What needs to be done => Restate word for word the lines of the entries below, starting with the line that holds "Cooker Gold Renk" and ending with the line that holds "Men's Classic Casual", and no others.

::: Material for this task :::

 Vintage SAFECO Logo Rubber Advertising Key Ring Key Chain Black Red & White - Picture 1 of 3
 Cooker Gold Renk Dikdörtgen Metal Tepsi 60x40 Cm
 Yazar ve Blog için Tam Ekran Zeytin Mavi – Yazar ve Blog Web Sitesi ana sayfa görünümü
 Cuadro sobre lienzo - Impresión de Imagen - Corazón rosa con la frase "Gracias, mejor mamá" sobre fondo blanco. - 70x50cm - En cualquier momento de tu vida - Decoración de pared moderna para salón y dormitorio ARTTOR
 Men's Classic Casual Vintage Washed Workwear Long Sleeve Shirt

:::
::: Material for this task :::

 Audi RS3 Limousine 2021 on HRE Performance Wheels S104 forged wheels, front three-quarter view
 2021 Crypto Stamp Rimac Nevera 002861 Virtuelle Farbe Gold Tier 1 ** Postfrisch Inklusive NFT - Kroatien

:::

Answer =>
 Cooker Gold Renk Dikdörtgen Metal Tepsi 60x40 Cm
 Yazar ve Blog için Tam Ekran Zeytin Mavi – Yazar ve Blog Web Sitesi ana sayfa görünümü
 Cuadro sobre lienzo - Impresión de Imagen - Corazón rosa con la frase "Gracias, mejor mamá" sobre fondo blanco. - 70x50cm - En cualquier momento de tu vida - Decoración de pared moderna para salón y dormitorio ARTTOR
 Men's Classic Casual Vintage Washed Workwear Long Sleeve Shirt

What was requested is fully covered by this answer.